UConn Defense/Special Teams
The defense for the Huskies showed some moxy last week. They pulled in 2 INTs to help hand the ball back to the offense and they held the Wyoming QB Sean Chambers to his lowest output of the season (149-yards). Where the team needs to improve is in the run game. The Huskies allowed over 200 yards on the ground last week and needs to get tougher up front. In addition, they didn’t get a lot of pressure on the QB and while that’s definitely related to the large number of rushes Wyoming had, it’s still a concern going into Nashville. They did get 2 sacks, but combined with only 1 other QB hit isn’t enough, even against a heavy-run team.

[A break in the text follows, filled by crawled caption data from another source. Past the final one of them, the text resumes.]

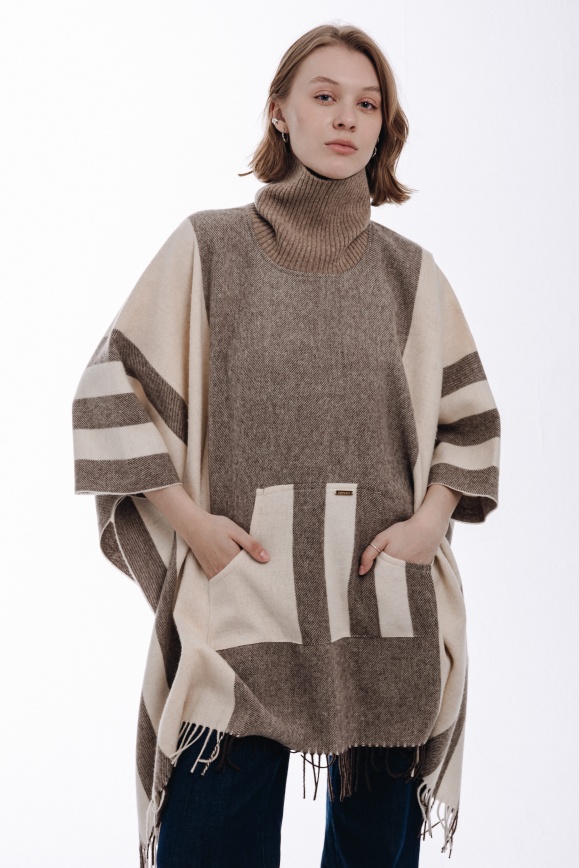 Купить Пончо из 100% шерсти яка двухцветное 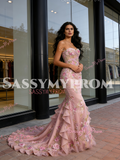 Trumpet Mermaid Floral Strapless Tulle Ruffles Prom Dress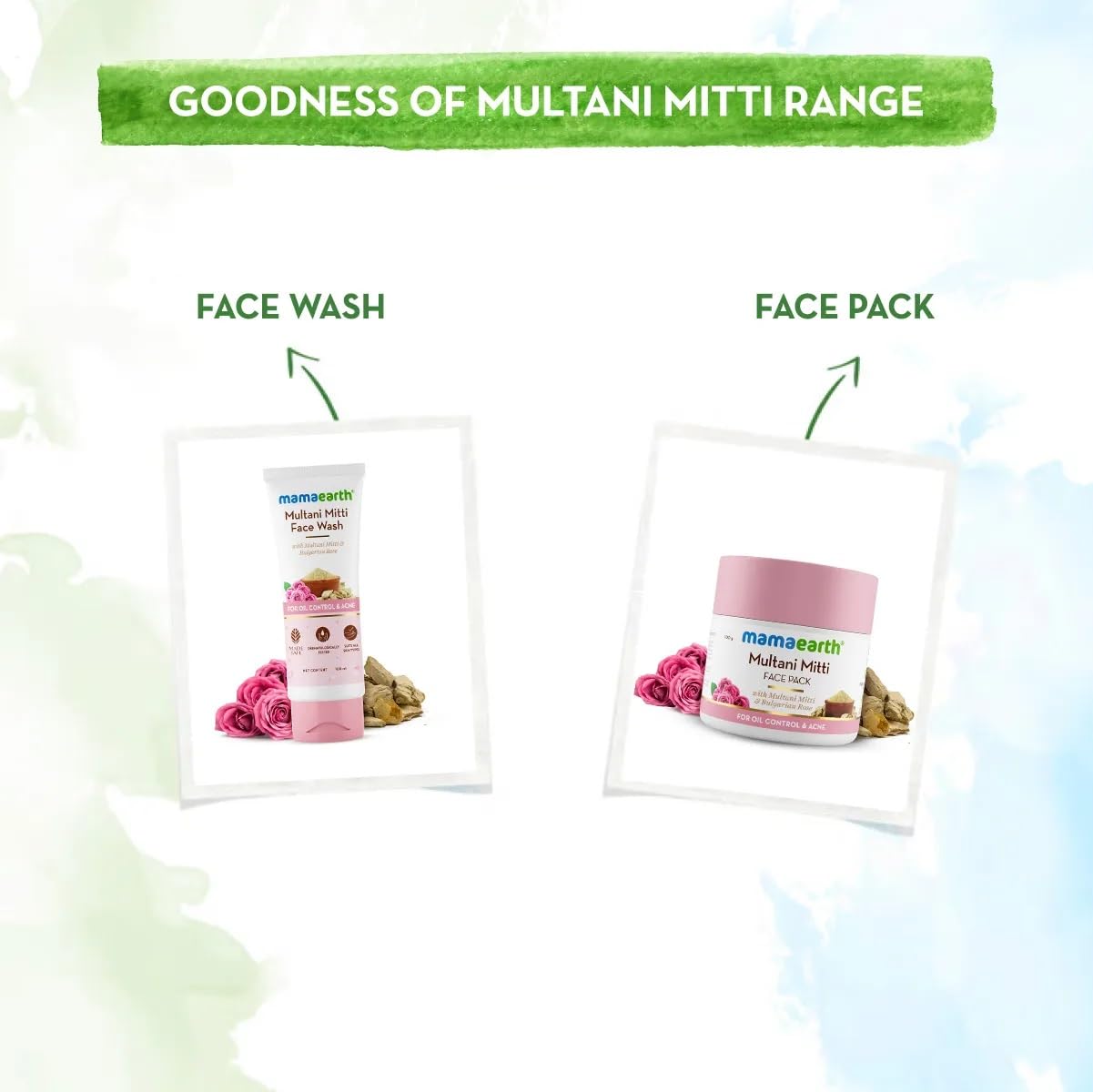 Mamaearth Multani Mitti Face Wash with Multani Mitti & Bulgarian Rose For Oil Control & Acne | Suits All Skin Types | Hydrating & Gentle | Paraben-Free | No Silicones | Sulphate-Free | For Men & Women | 100 ml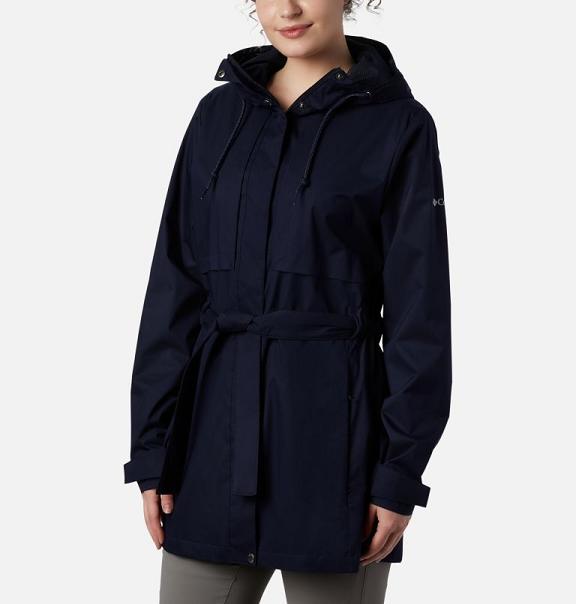 Columbia Pardon My Trench Rain Jacket Blue For Women's NZ95870 New Zealand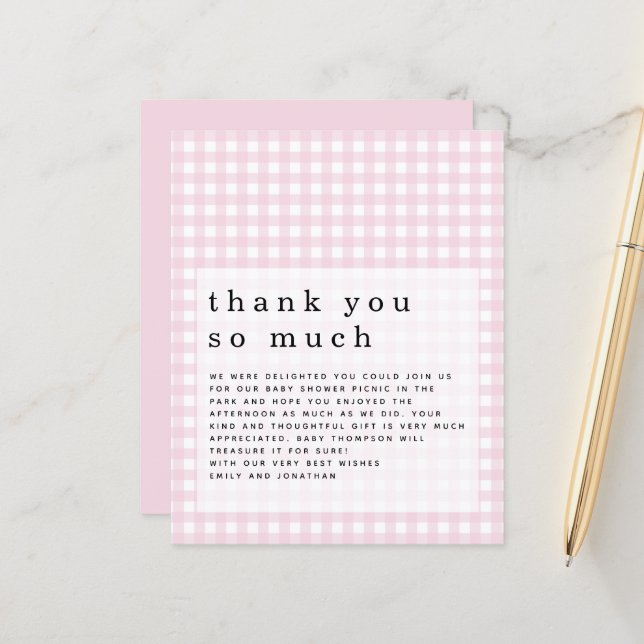Budget Picnic Baby Shower Pink Gingham Thank You (Front/Back In Situ)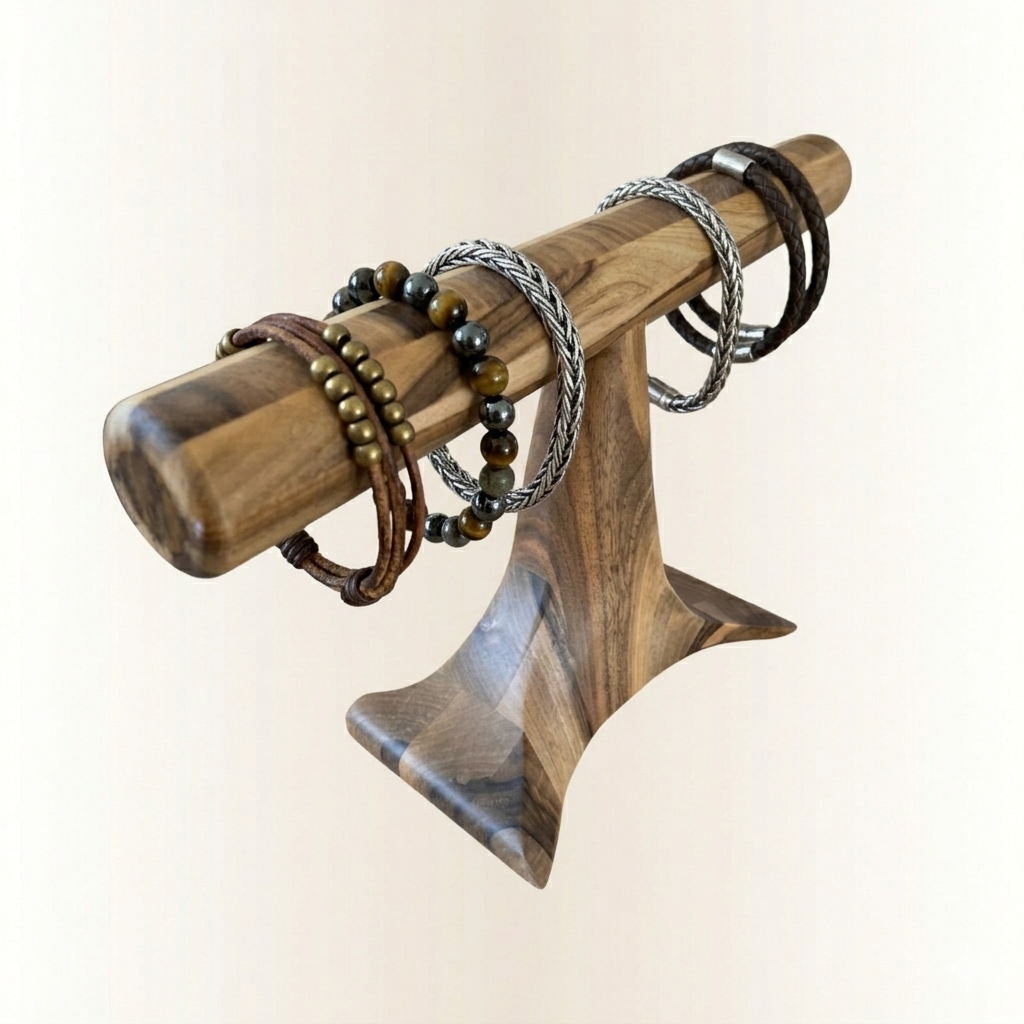 Ciemny drewniany stojak ekspozycyjny z kolekcją bransoletek i zegarków, w tym smartwatchem i zegarkami klasycznymi, na jasnym tle.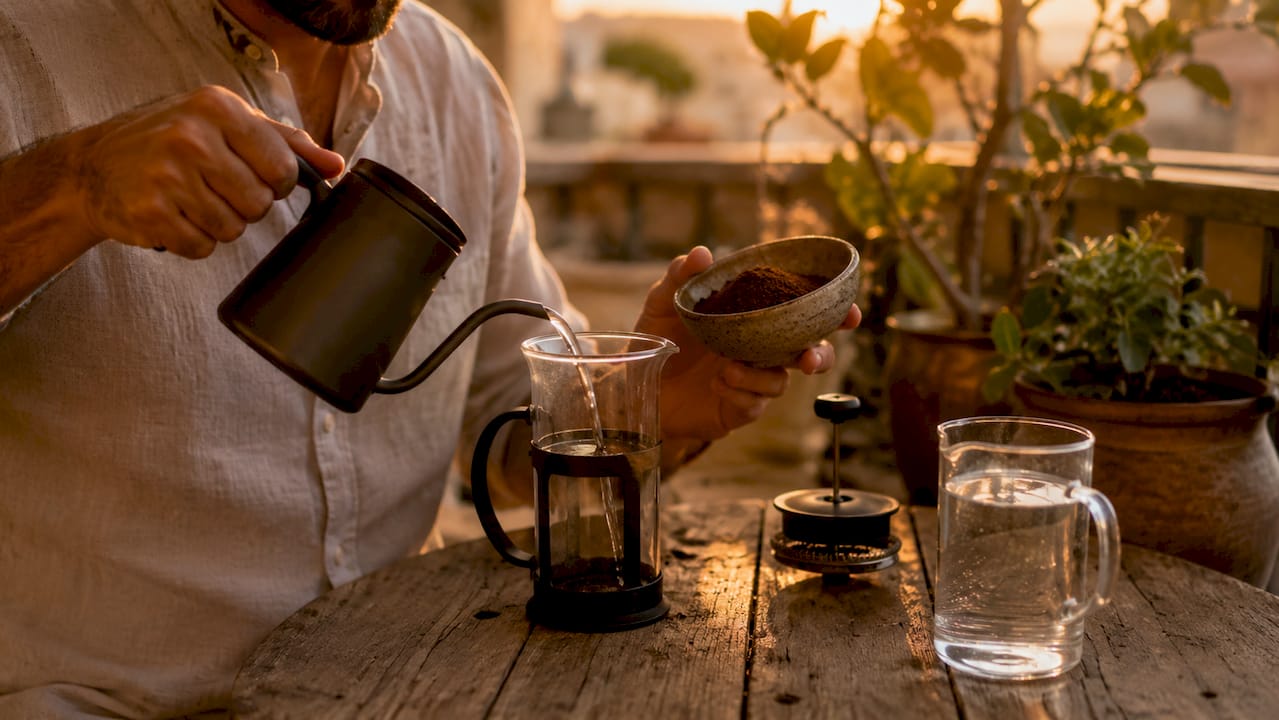 Cómo medir correctamente el café y el agua para preparar una prensa francesa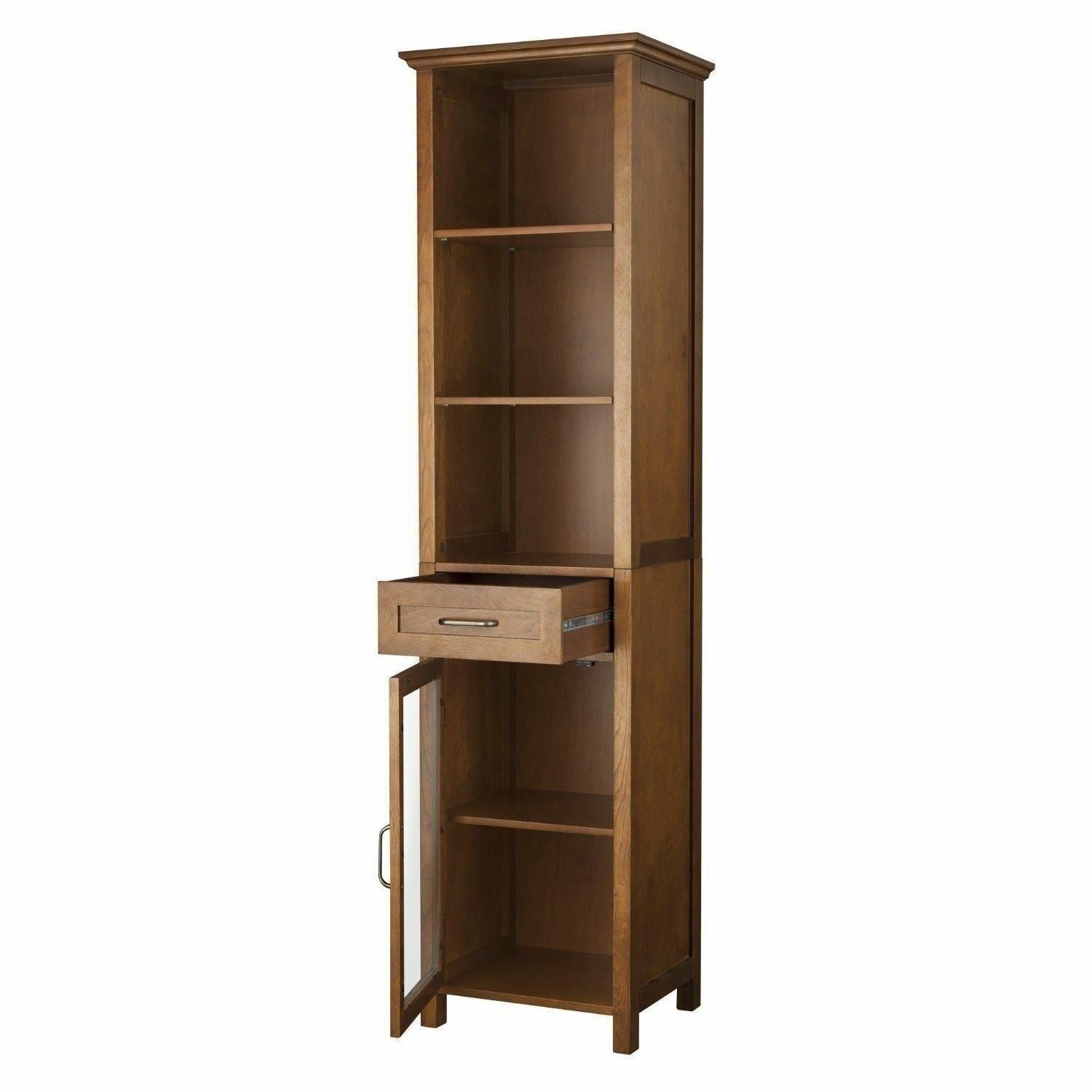 Oak Finish Wooden Linen Tower Storage Cabinet Tall Organizer Bathroom Towel Door
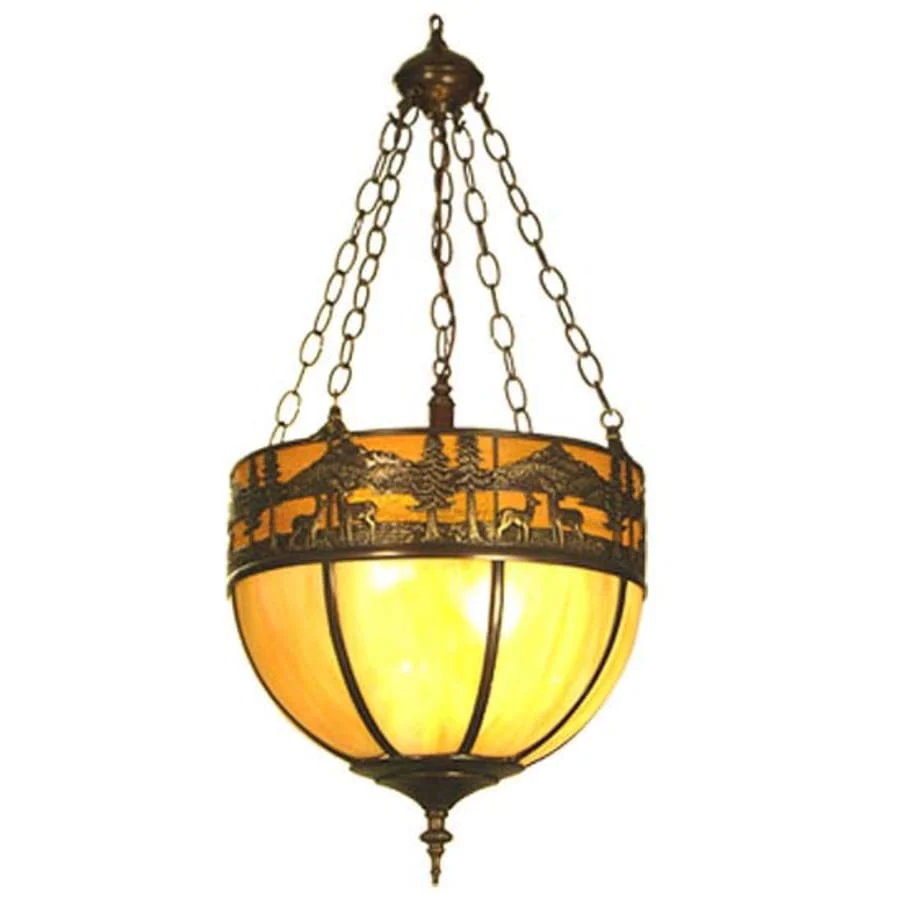 Meyda Tiffany Deer Lodge 4 Light 16" Wide Pendant - Image 1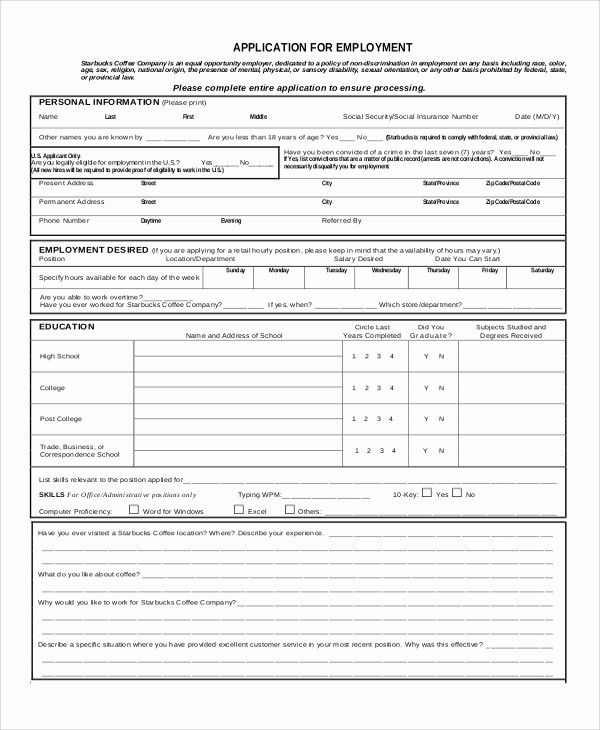 Generic Application for Employment Free Awesome 8 Generic Employment Application Samples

On special teams, Keelan Marion is now listed as the starting punt returner instead of Aaron Turner this week, which frankly makes sense with Turner getting more attention on offense. He had 6 catches last week to lead the Husky receivers and you want to protect him a bit going forward by giving him fewer special teams touches. Although to be fair, there was only 1 punt return opportunity against Wyoming, so it’s not exactly a big workload either way. In his one chance last week, Marion did have a 31-yard return, so he deserves the look.
Vanderbilt 28, UConn 24
This may be wishful thinking (or jinxing it), but nothing about this match-up with Vanderbilt is scary for UConn. Vandy has a solid team with some talented players, but no real standouts who need to be accounted for on each play. In some ways that can be more difficult to predict and gameplan for, but in other ways it allows UConn to establish their identity early and just play their brand of football (the one from the Wyoming game, not before). I think the home field advantage and a Saturday night game for the Commodores will carry them to victory, but just like last week, I think UConn will stick around and surprise some people. The keys to the game for UConn are ball security and not getting buried in a hole early. If they play smart football and the game stays close, UConn could be in business.